Usefulness of RAII without exceptions

Question

I recently found about RAII in c++ and most examples of RAII talk about exception safety. How you can always release resources even if an exception were to be thrown.

The question I have is, if RAII is worth it if you do not have exceptions turned on. In our firm we work on embedded projects for arm and exceptions are turned off by default and we don't really see any need for them.

Thanks for all the answers!

Answer 1

RAII with exceptions is basically a requirement.

RAII without exceptions means that you can couple the allocation of resources with the code to dispose the resources.

This lets you have functions with multiple exit points, simplifies the writing of destructors (often destructors in an RAII heavy environment are empty or default), can simplify object assignment and moving (once again, often empty or default with sufficient RAII work).

A classic example for embedded environments would be locking and unlocking some mutex. You want to guarantee that you don't lock a mutex and forget to unlock it. To do this, code discipline means you have to have basically one exit point from your function, and you have to engage in gymnastics sometimes to ensure that this happens.

With RAII, you just create a RAII resource holder that owns the lock. Now you can return whenever you want, and the code to unlock the resource is automatically injected at the return site. Code flow is simplified, and resource leaks are far less common.

RAII is also amazing documentation. A structure or class with a Foo* could mean anything: how and when you are supposed to deal with that resource is unclear. A structure or class with a std::unique_ptr<Foo> is clearly owning that pointer. Functions that take std::unique_ptr<Foo> are clearly taking ownership over the passed in pointer. Functions that return std::unique_ptr<Foo> are clearly giving you ownership of that pointer.

Answer 2

RAII in C++ is a much more wide notion. It is an idiom which allows you to write safer code. Resource acquisition part of RAII is where you begin something that must be ended later, such as opening a file and closing it later, allocating some memory and deallocating it, acquiring and releasing a lock. RAII relates to such importants notions as: smart pointers, thread-safety (controlling mutex locks in multi-threaded programs - http://www.boost.org/doc/libs/1_49_0/doc/html/boost/interprocess/scoped_lock.html here is an example of RAII), interaction with files , object ownership (when you use smart pointers like unique_ptr you already use RAII) and so on.

So RAII is always worth to use in good C++ code regardless of exceptions.

Answer 3

The question I have is, if RAII is worth it if you do not have exceptions turned on.

Of course it's worth it!
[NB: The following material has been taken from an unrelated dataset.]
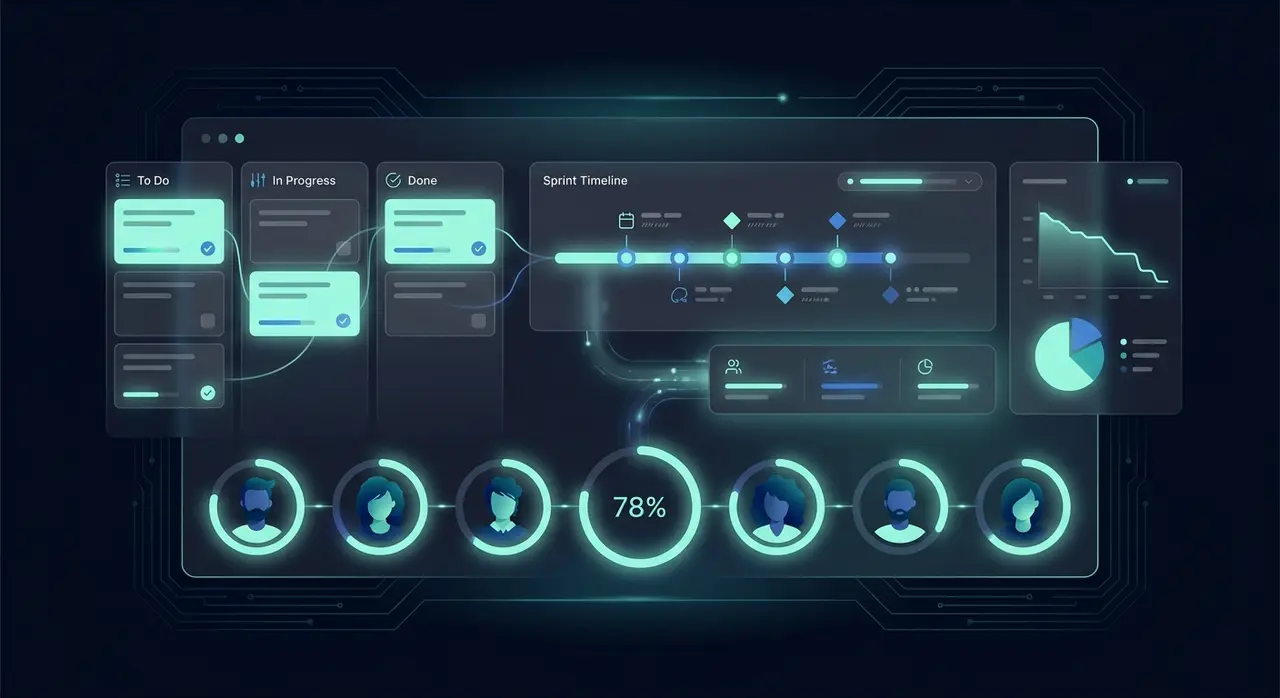 Application development project tracking dashboard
Exception safety is only one aspect of RAII. Another one for example is to avoid leaking dynamically created instances.

Answer 4

I actually think it depends and maybe I'll compete for the weirdest answer here among my C++ peers. That said, if you are already using C++ and C++'s rich type system, I think it'd be crazy not to use RAII for the most part even without exceptions.

The Nuisance of Lacking RAII When Designing and Using Interfaces

You generally don't wanna have to write icky functions that return resources you allocate inside the function that clients have to free/close/destroy manually and externally. At the same time it can be time-consuming to invert the design and have the client allocate the resources and pass them by parameter for a function to use (fill out a buffer allocated by the client, e..g), and still with the client's responsibility to free/close/destroy (just arguably a bit cleaner since the client at least created/opened/allocated the resource himself). Just designing a function that returns a variable-length string whose contents are determined inside the function when it is called is time-consuming and always a little icky either to use or to implement or both lacking RAII.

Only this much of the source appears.